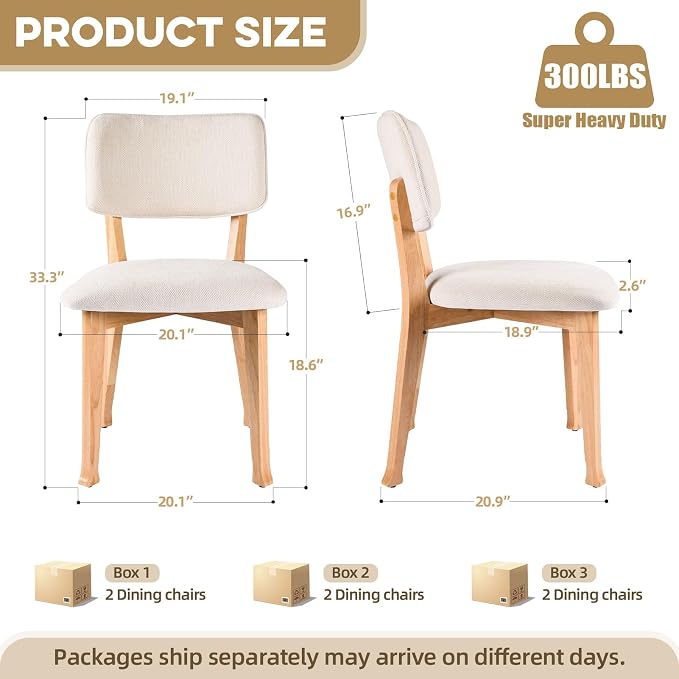 Wooden Dining Chairs Set of 6, Mid Century Modern Kitchen Chairs with Fabric Upholstered and Curved Backrest for Dining Room, Restaurant/Cafe, 300LBS Capacity, Natural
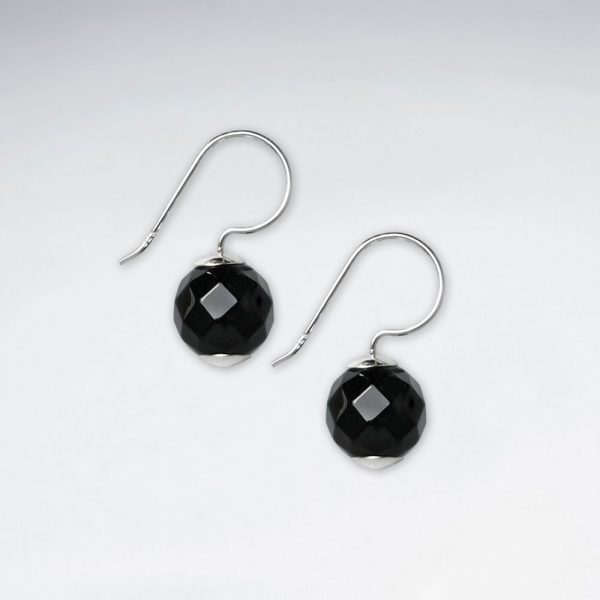 Boucle d'Oreille Argent Pierre Noire Facettes a Facette Ø 10 mm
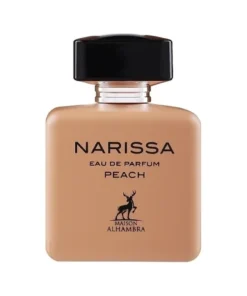 Maison Alhambra Narissa Peach 100 ml, flacon fără cutie, pe fundal alb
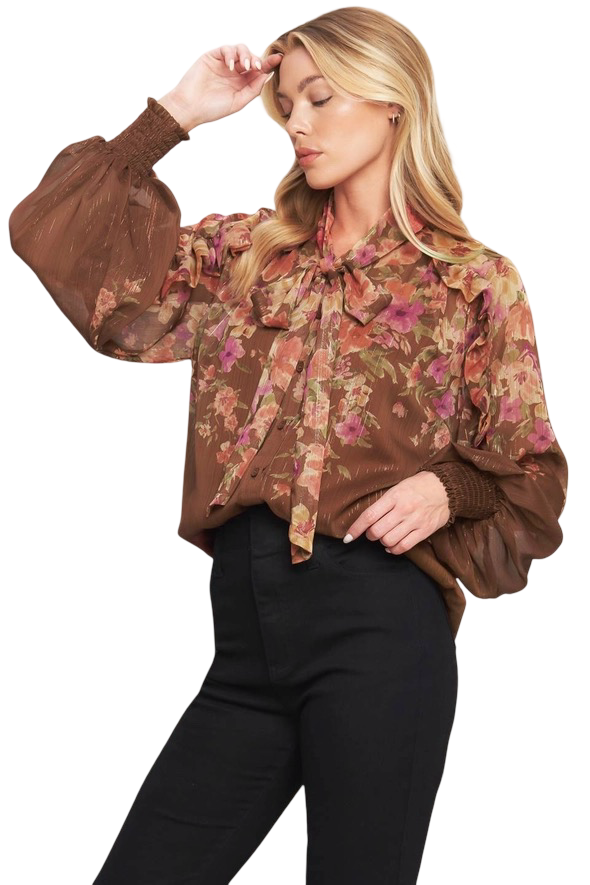 Apparel- Flying Tomato Tie Front Floral Woven Top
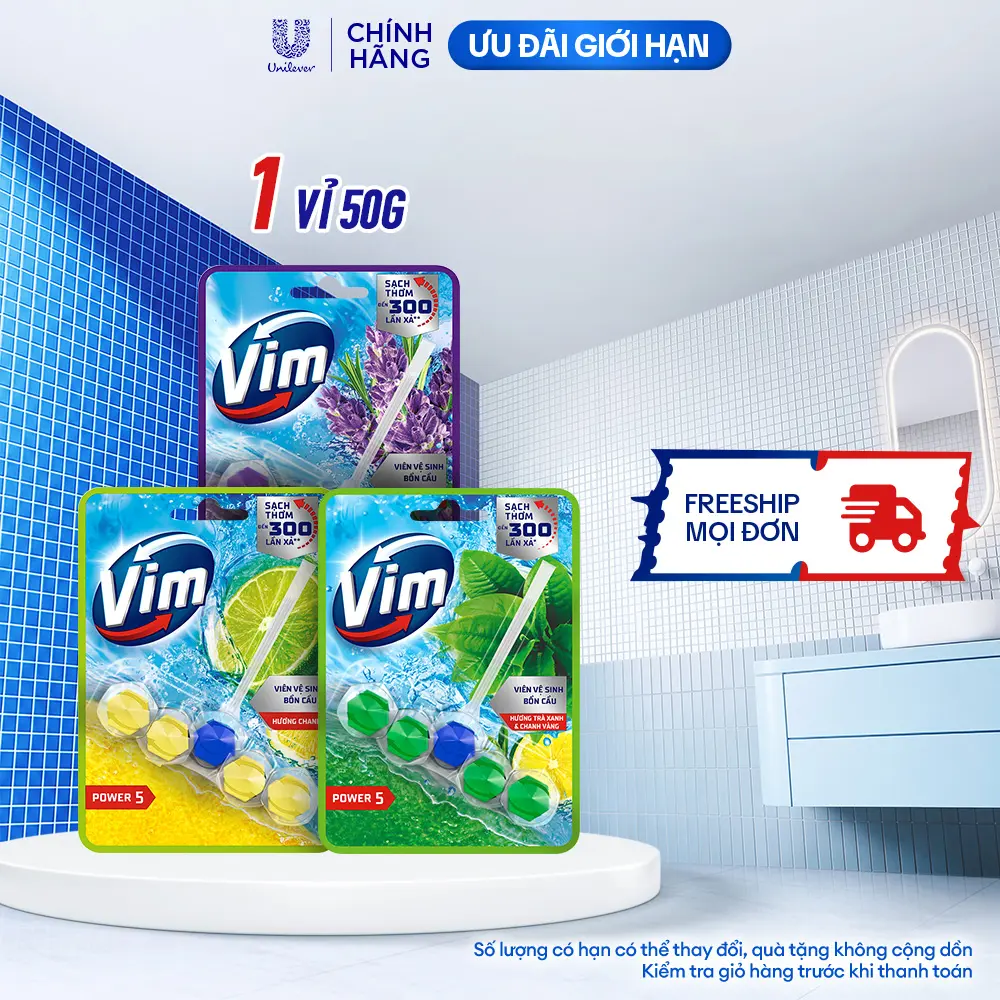 Viên Treo Vệ Sinh Bồn Cầu Vim Power 5 Hỗ Trợ Sạch Thơm (50g/viên) [1]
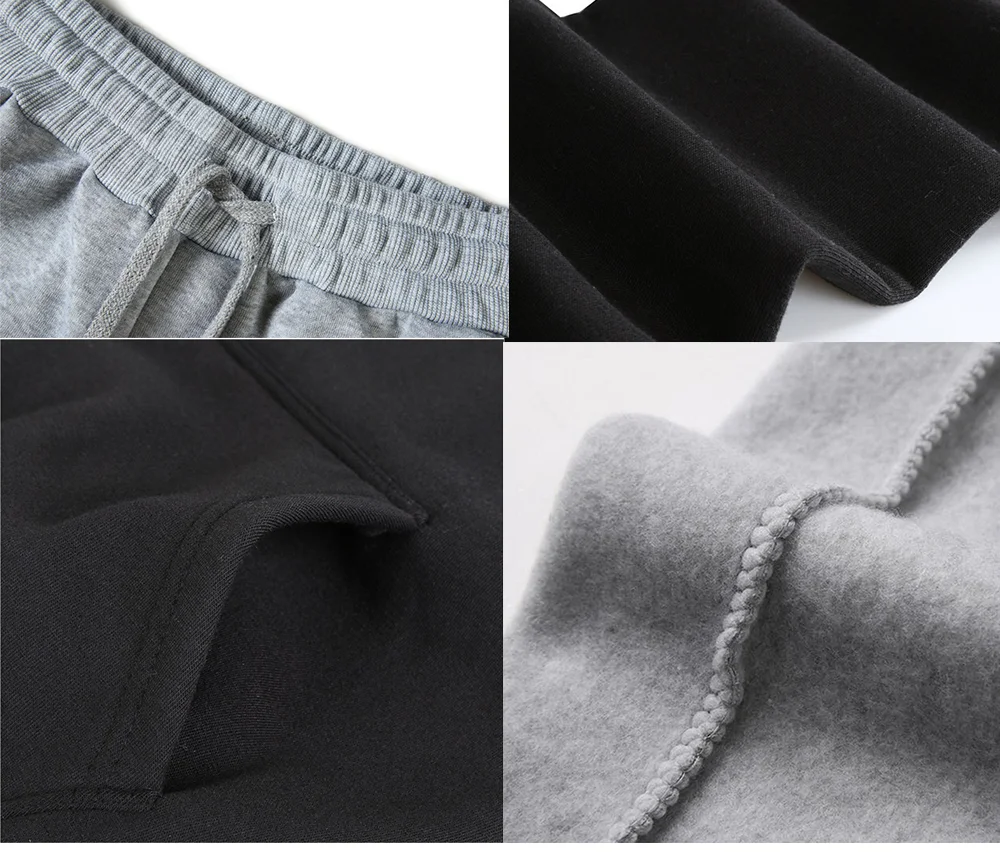 

Brand fashion sportswear warm men's sports patchwork suit hooded sweater sweat shirt fitness pants exercise running clothes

________

**PROMPT:**
Set down all of the entries exactly as they appear, but keep the images out.

**YOUR RESPONSE:**
 Wooden Dining Chairs Set of 6, Mid Century Modern Kitchen Chairs with Fabric Upholstered and Curved Backrest for Dining Room, Restaurant/Cafe, 300LBS Capacity, Natural
 Boucle d'Oreille Argent Pierre Noire Facettes a Facette Ø 10 mm
 Maison Alhambra Narissa Peach 100 ml, flacon fără cutie, pe fundal alb
 Apparel- Flying Tomato Tie Front Floral Woven Top
 Viên Treo Vệ Sinh Bồn Cầu Vim Power 5 Hỗ Trợ Sạch Thơm (50g/viên) [1]

Brand fashion sportswear warm men's sports patchwork suit hooded sweater sweat shirt fitness pants exercise running clothes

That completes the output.